Input for this task:
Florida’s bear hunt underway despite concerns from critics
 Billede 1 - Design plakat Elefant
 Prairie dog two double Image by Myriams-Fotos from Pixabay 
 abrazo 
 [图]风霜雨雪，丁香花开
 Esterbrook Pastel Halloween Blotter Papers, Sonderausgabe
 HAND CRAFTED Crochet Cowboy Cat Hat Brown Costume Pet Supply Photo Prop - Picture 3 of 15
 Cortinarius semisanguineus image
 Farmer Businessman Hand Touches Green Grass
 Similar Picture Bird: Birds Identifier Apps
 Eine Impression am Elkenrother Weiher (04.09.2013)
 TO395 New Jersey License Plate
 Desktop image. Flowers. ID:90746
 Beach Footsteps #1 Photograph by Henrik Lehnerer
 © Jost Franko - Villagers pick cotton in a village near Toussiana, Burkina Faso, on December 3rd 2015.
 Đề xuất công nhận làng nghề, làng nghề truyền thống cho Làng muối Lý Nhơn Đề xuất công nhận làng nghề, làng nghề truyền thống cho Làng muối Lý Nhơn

Task goal:
Give back, unchanged, the line that holds "Desktop image. Flowers. ID:90746" along with all lines after it through the last line above.

Response below:
 Desktop image. Flowers. ID:90746
 Beach Footsteps #1 Photograph by Henrik Lehnerer
 © Jost Franko - Villagers pick cotton in a village near Toussiana, Burkina Faso, on December 3rd 2015.
 Đề xuất công nhận làng nghề, làng nghề truyền thống cho Làng muối Lý Nhơn Đề xuất công nhận làng nghề, làng nghề truyền thống cho Làng muối Lý Nhơn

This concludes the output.